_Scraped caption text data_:
|---|

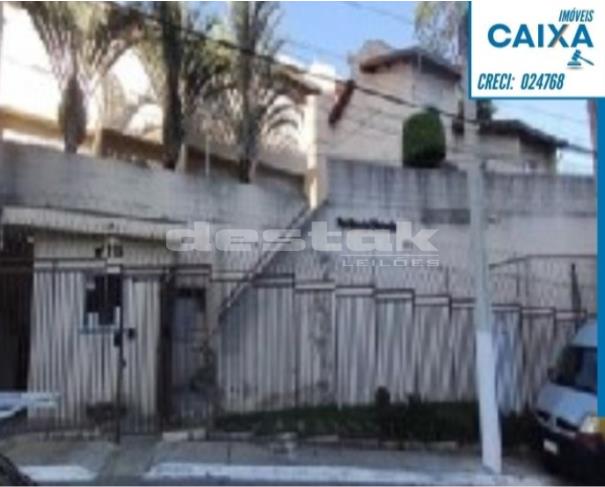 Foto de Casa no JARDIM GUARUJÁ/SP imóveis CAIXA com desconto de 36,27%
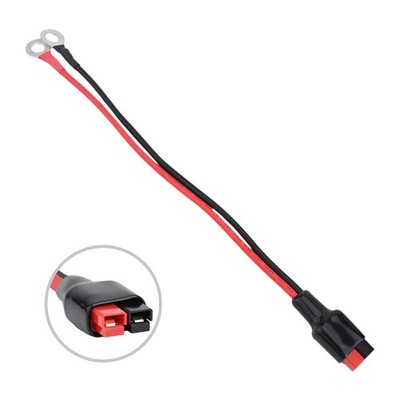 Golf Battery Leads for Anderson Cable Suitable for HillBilly Mocad and Pulsar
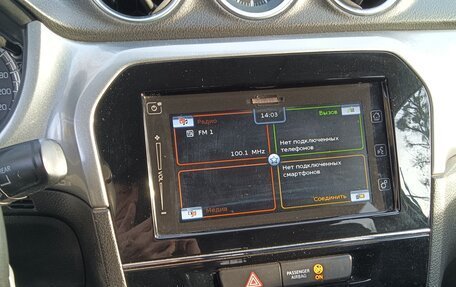 Suzuki Vitara II рестайлинг, 2015 год, 1 599 999 рублей, 15 фотография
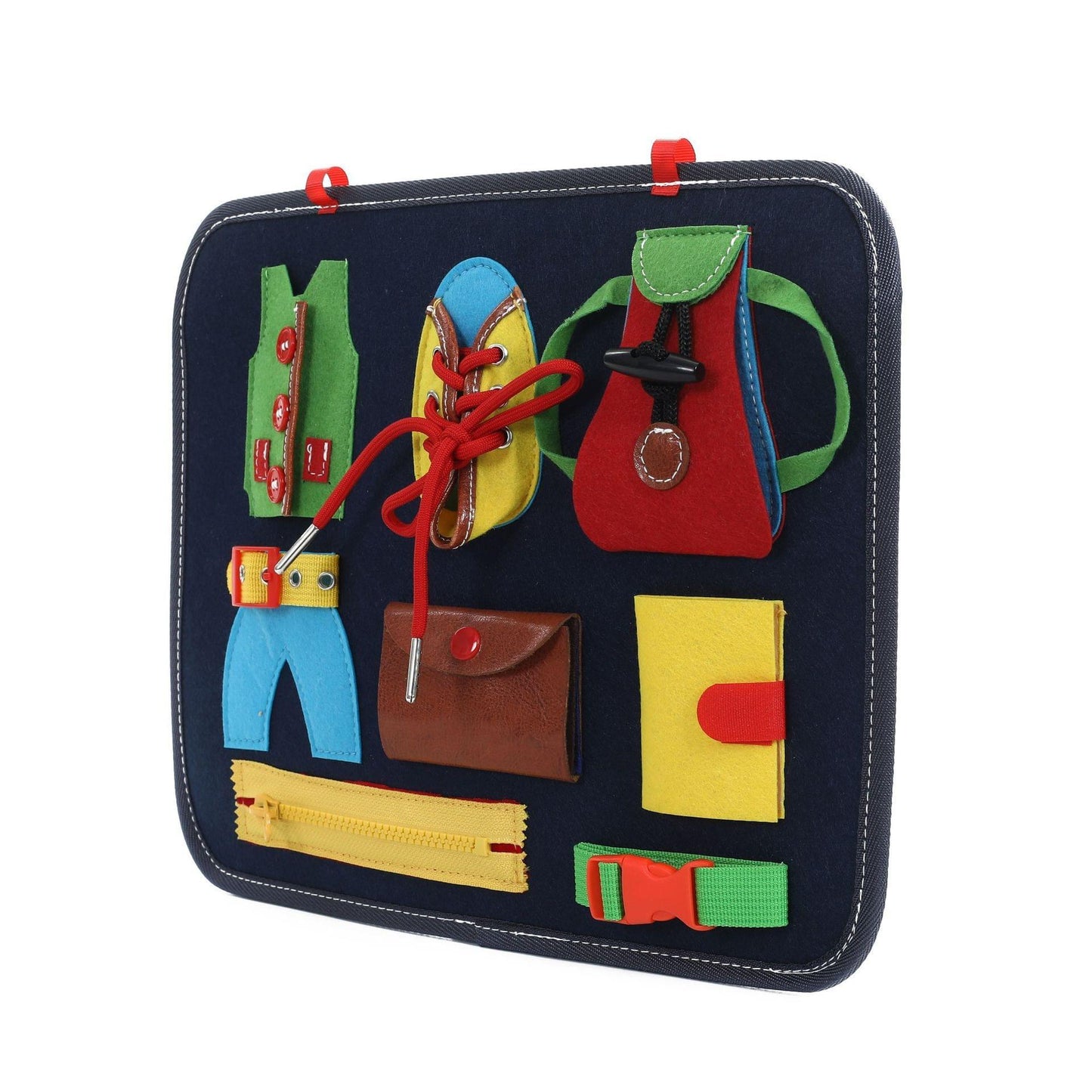 Children Activity Board for Basic Skills Learning - Style 1
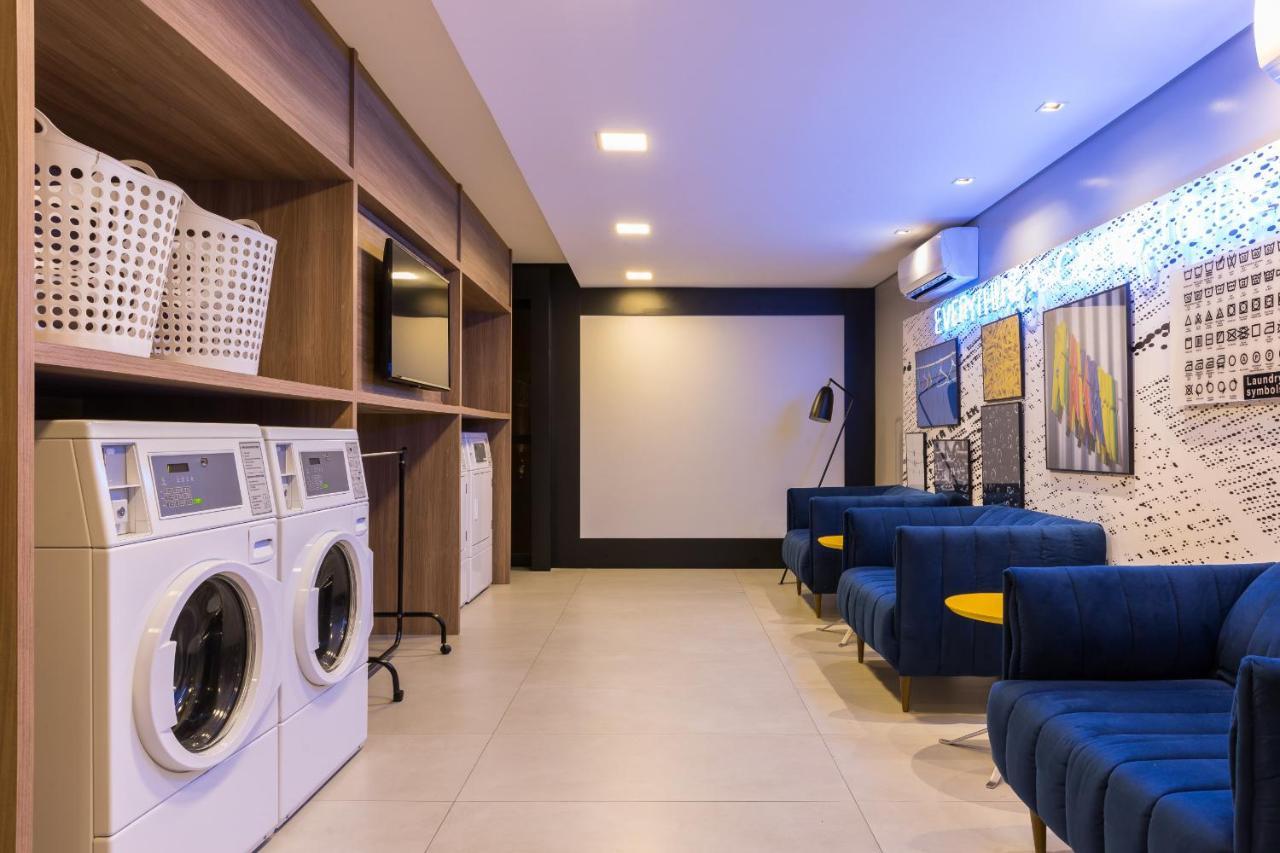 Apartament Studio Premium Batel Hsb009 Kurytyba Zewnętrze zdjęcie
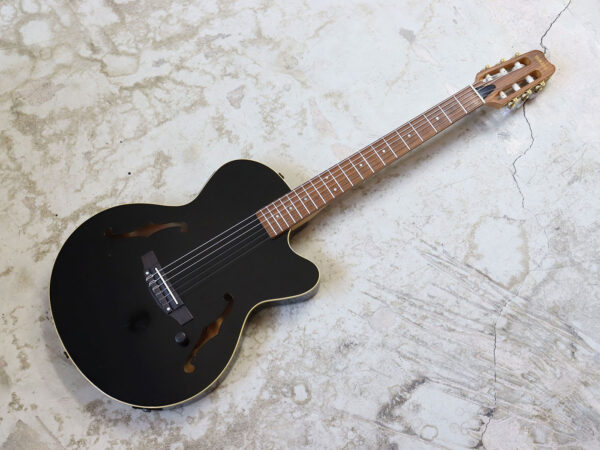 【中古】YAMAHA AEX 500N ブラック 薄型エレガット
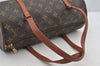 Authentic Louis Vuitton Monogram Papillon 30 Hand Bag Old Model LV 6061I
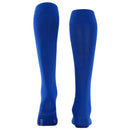 Falke Blue Cotton Touch Knee High Socks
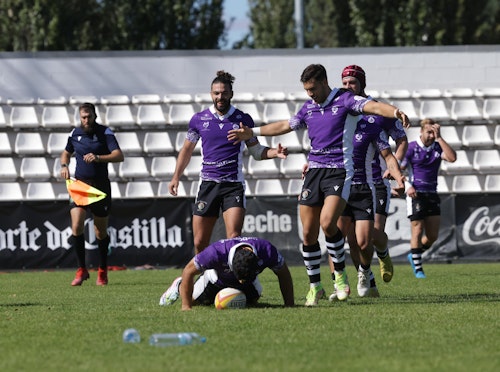 Así te hemos contado el fin de semana deportivo en Valladolid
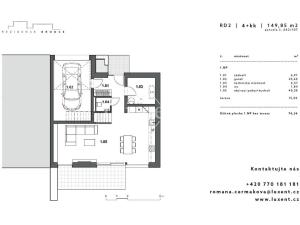 Prodej rodinného domu, Brodce, Dobrovická, 150 m2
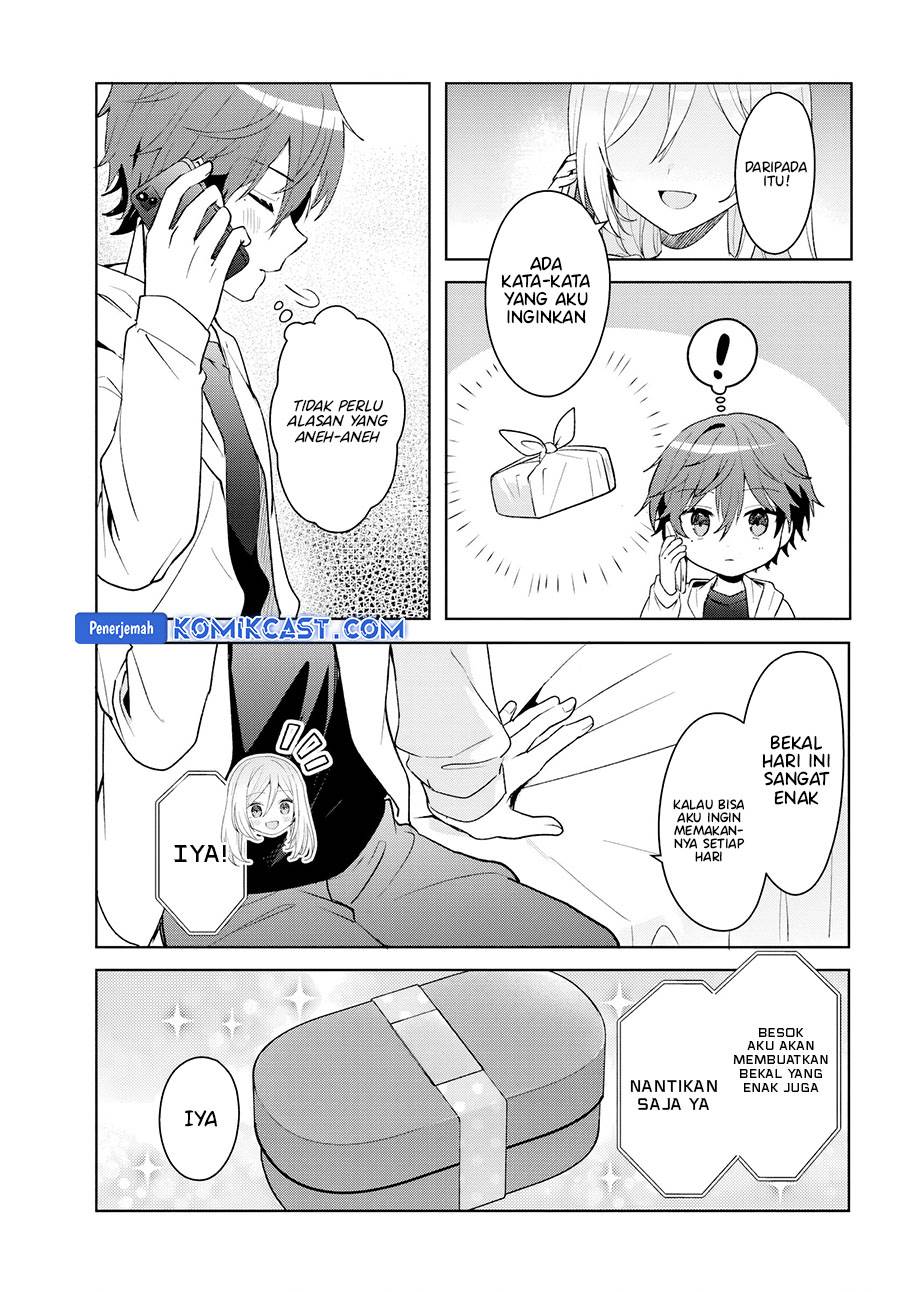 Takou no Koori Hime wo Tasuketara, Otomodachi kara Hajimeru Koto ni Narimashita Chap 8.2 - Next Chap 9.2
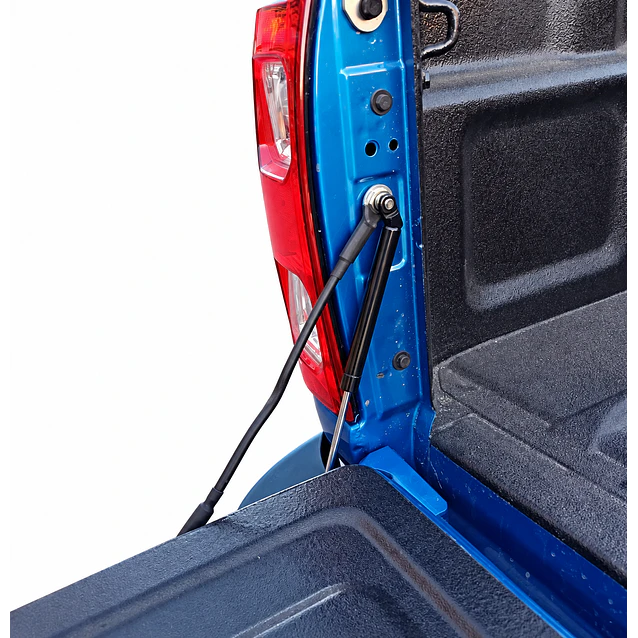 Amortiguador Portalon Jac T6 Y T8 2018 - 2024 Kit Par 2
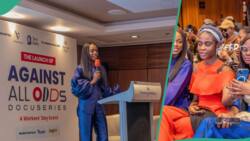 Legit.ng Partners with Media Personality, Temi Badru, to Spotlight 'Against All Odds' Docuseries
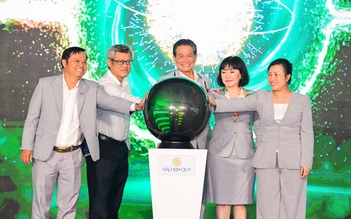 TTC Land chính thức công bố thương hiệu Đảo Kim Quy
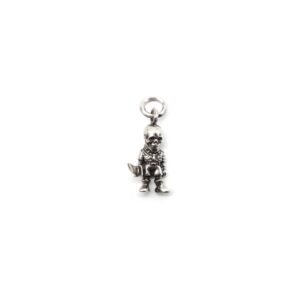 Chrome Hearts Foti Silver Pendant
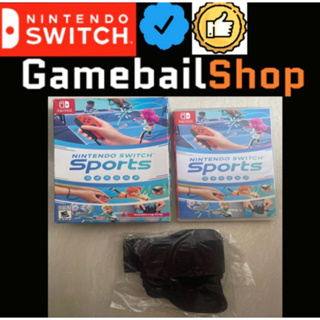 Nintendo Switch Sports 2022 遊戲 Switch 任天堂 Cardrige 實體遊戲卡帶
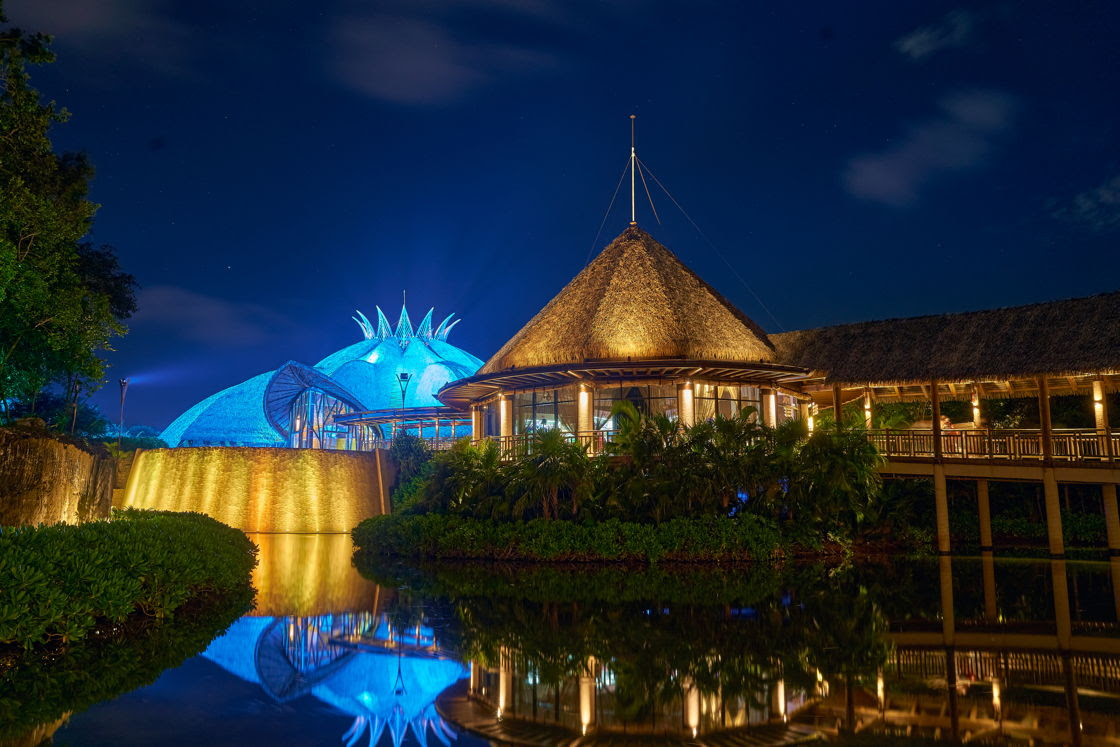 Cirque du Soleil JOYÀ deslumbra con la inauguración de su 12ª temporada en la Riviera Maya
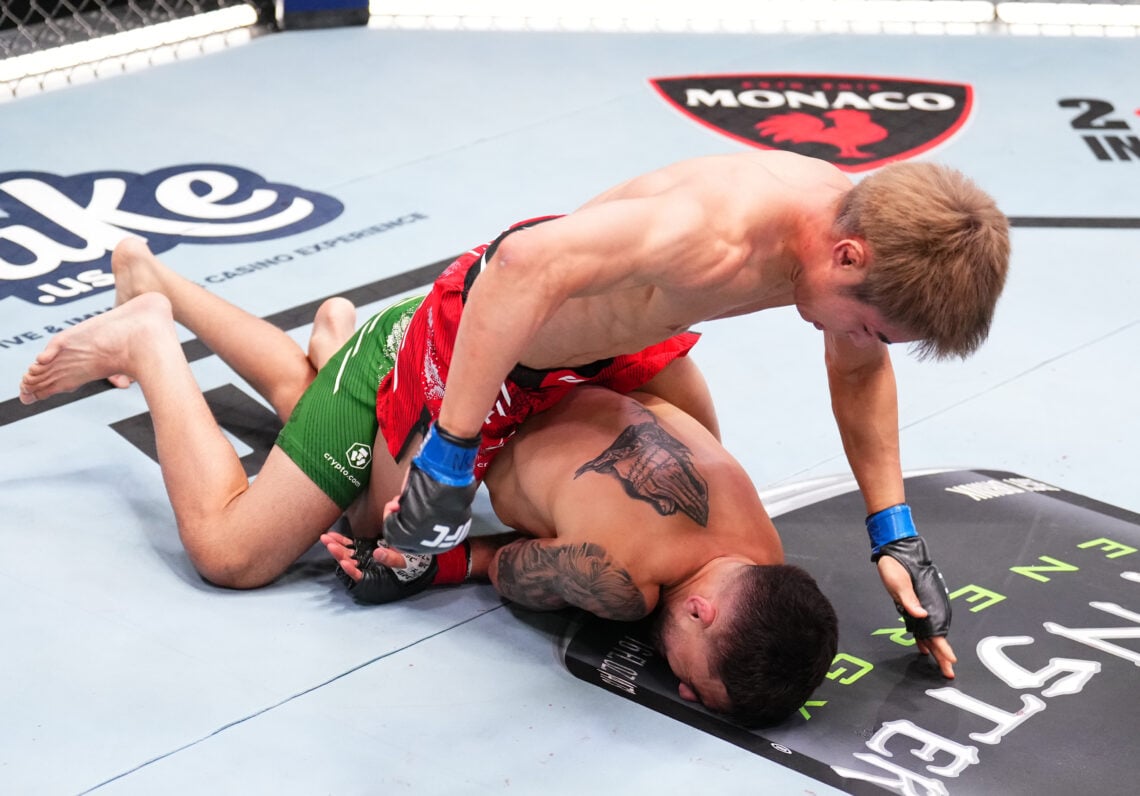 Photo by Chris Unger/Zuffa LLC via Getty Images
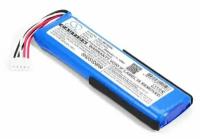 Аккумулятор для портативной акустики JBL Flip 3, GSP872693, CS-JMF300SL, 3.7V, 3000mAh, код 007.01240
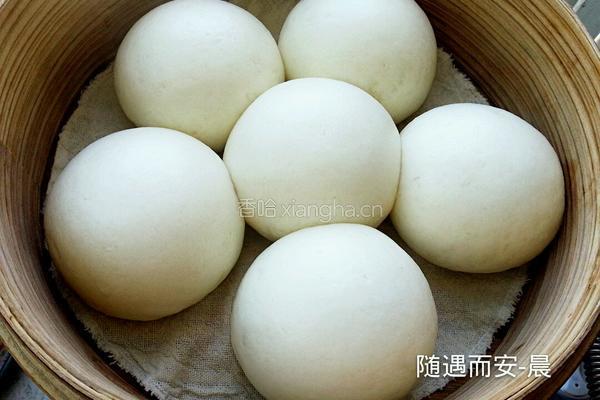 蒸馒头的做法图解18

|---|

_TASK DESCRIPTION_:
Where the line containing "Nintendo Switch Sports" appears in the data above, begin there and output every line through the last, exactly and without pictures.

_OUTPUT OF THE TASK_:
 Nintendo Switch Sports 2022 遊戲 Switch 任天堂 Cardrige 實體遊戲卡帶
 Cirque du Soleil JOYÀ deslumbra con la inauguración de su 12ª temporada en la Riviera Maya
 Photo by Chris Unger/Zuffa LLC via Getty Images
 Аккумулятор для портативной акустики JBL Flip 3, GSP872693, CS-JMF300SL, 3.7V, 3000mAh, код 007.01240
 蒸馒头的做法图解18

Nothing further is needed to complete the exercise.